-- Listed records follows --
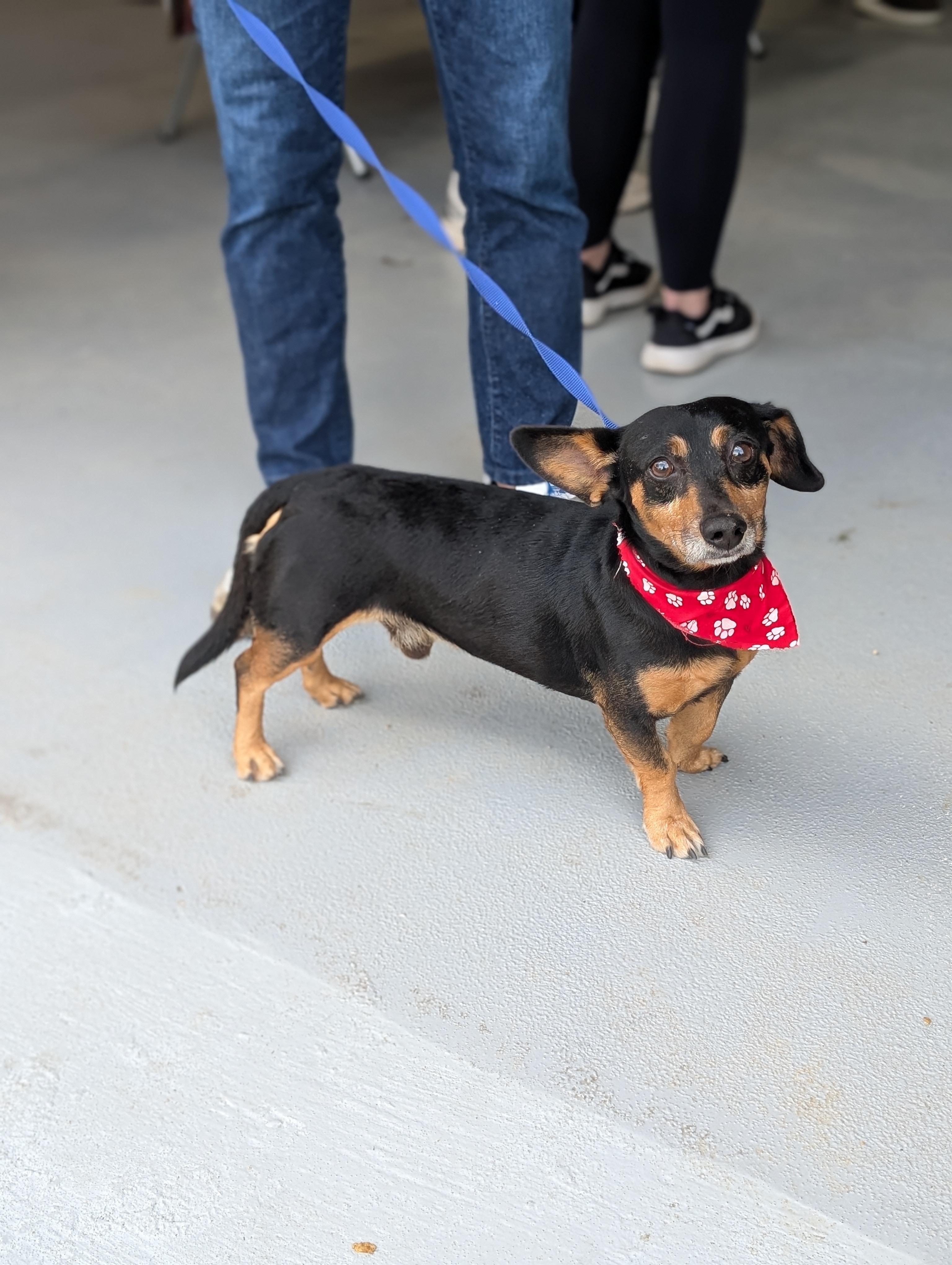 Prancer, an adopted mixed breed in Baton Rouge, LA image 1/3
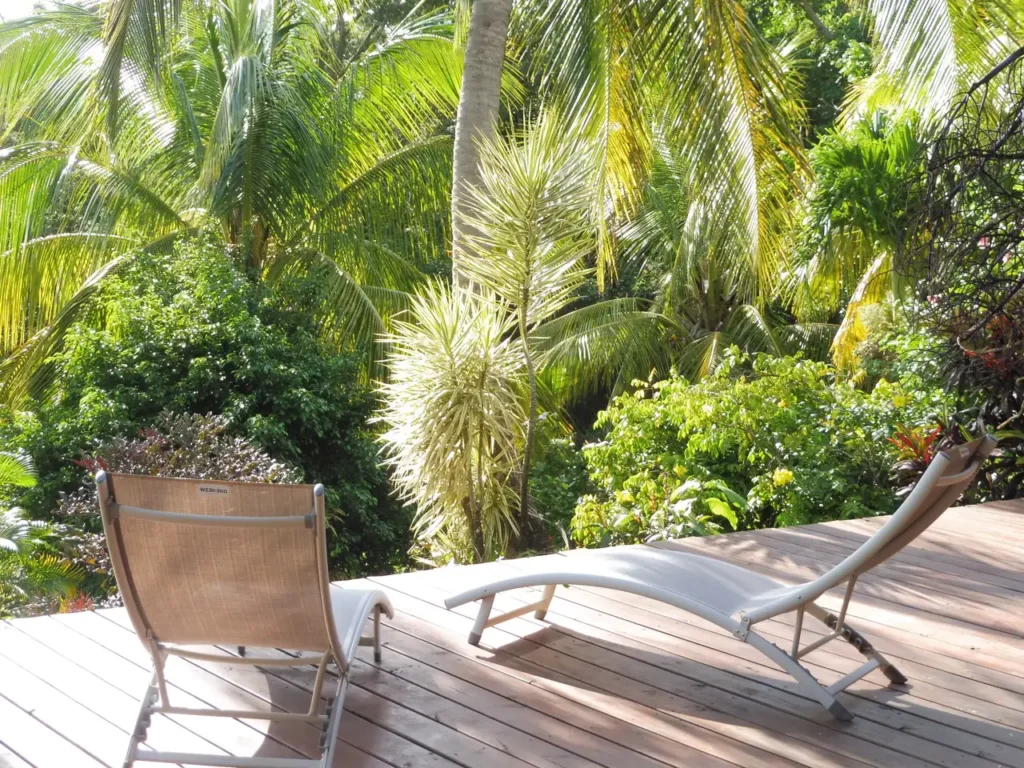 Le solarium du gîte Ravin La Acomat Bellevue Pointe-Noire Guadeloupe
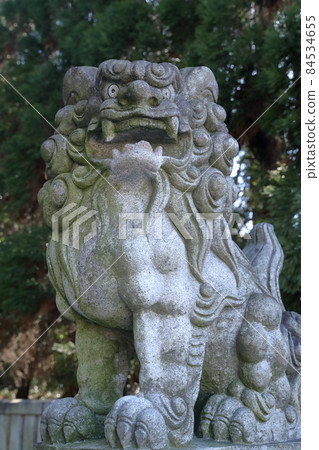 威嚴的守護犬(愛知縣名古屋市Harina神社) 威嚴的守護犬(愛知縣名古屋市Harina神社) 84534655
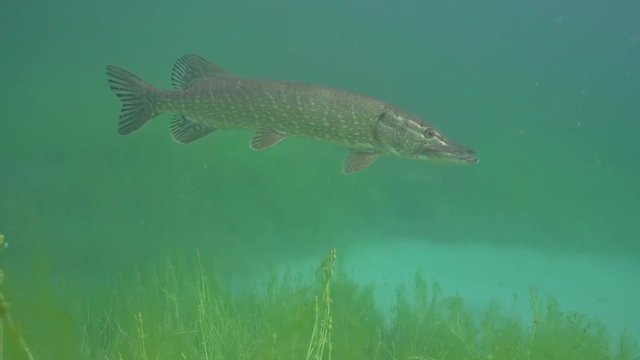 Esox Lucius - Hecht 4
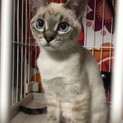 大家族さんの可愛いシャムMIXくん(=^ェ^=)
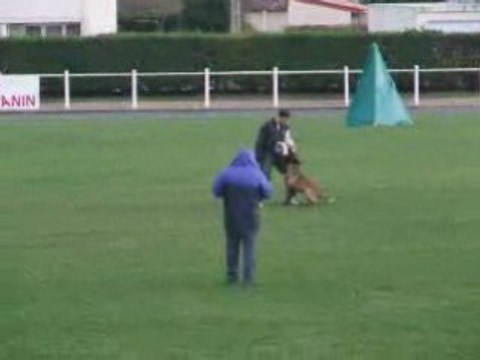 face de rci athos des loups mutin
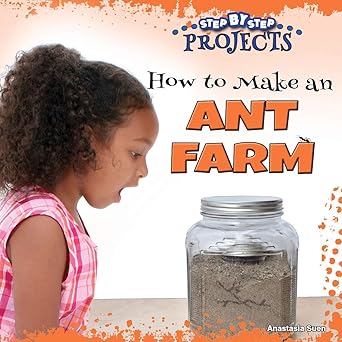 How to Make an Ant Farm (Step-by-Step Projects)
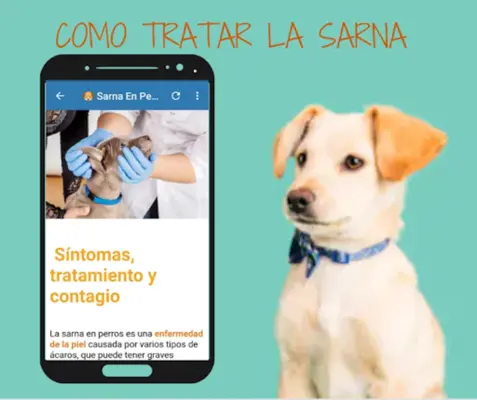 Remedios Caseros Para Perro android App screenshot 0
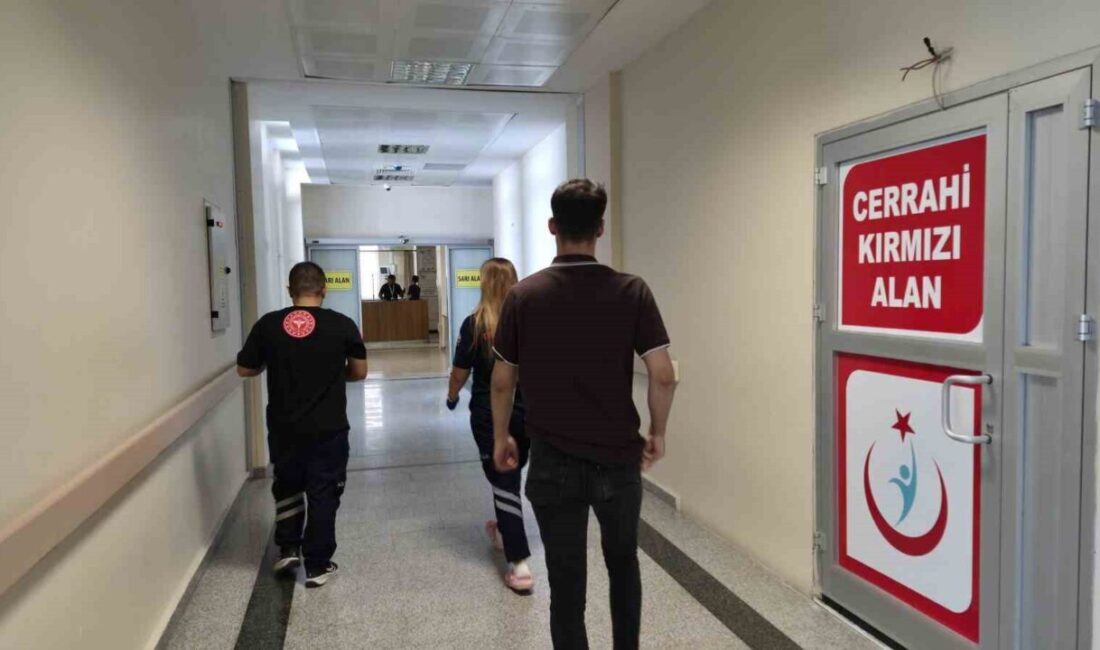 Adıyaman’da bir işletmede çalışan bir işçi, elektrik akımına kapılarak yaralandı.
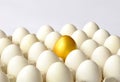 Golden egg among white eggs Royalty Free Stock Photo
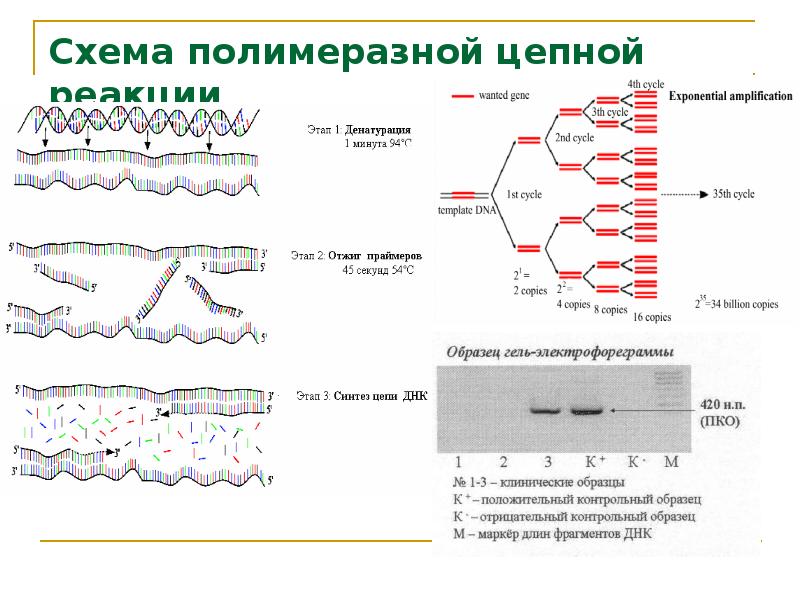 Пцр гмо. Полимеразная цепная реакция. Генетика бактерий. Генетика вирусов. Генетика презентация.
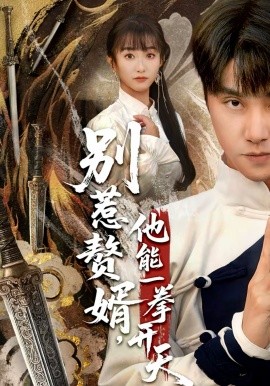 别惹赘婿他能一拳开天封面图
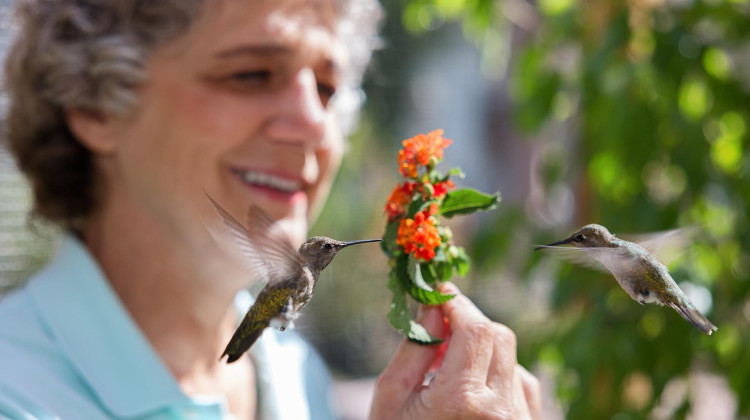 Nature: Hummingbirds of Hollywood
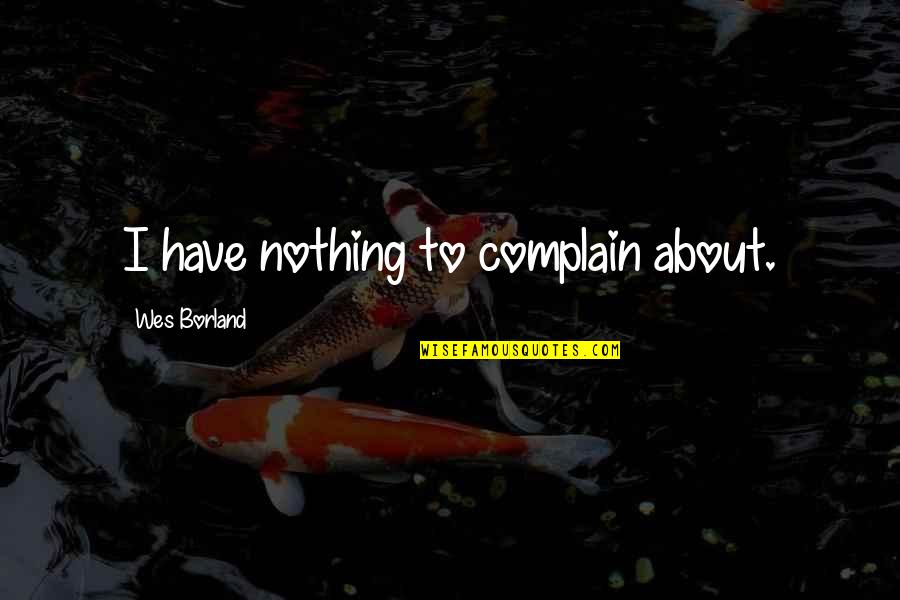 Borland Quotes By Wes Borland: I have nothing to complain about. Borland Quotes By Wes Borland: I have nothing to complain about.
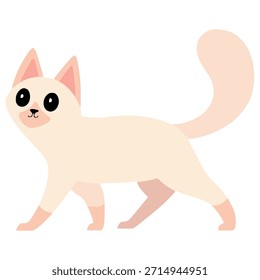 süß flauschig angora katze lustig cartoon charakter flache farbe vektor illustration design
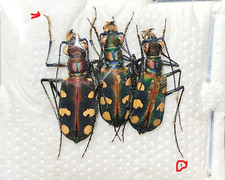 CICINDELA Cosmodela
-- Listed records concluded --
What is expected —
Please repeat each record exactly and keep every picture out of the copy.

Answer box —
 Prancer, an adopted mixed breed in Baton Rouge, LA image 1/3
 Le solarium du gîte Ravin La Acomat Bellevue Pointe-Noire Guadeloupe
 威嚴的守護犬(愛知縣名古屋市Harina神社) 威嚴的守護犬(愛知縣名古屋市Harina神社) 84534655
 Esox Lucius - Hecht 4
 大家族さんの可愛いシャムMIXくん(=^ェ^=)
 face de rci athos des loups mutin
 How to Make an Ant Farm (Step-by-Step Projects)
 Remedios Caseros Para Perro android App screenshot 0
 Adıyaman’da bir işletmede çalışan bir işçi, elektrik akımına kapılarak yaralandı.
 Golden egg among white eggs Royalty Free Stock Photo
 Пцр гмо. Полимеразная цепная реакция. Генетика бактерий. Генетика вирусов. Генетика презентация.
 别惹赘婿他能一拳开天封面图
 Nature: Hummingbirds of Hollywood
 Borland Quotes By Wes Borland: I have nothing to complain about. Borland Quotes By Wes Borland: I have nothing to complain about.
 süß flauschig angora katze lustig cartoon charakter flache farbe vektor illustration design
 CICINDELA Cosmodela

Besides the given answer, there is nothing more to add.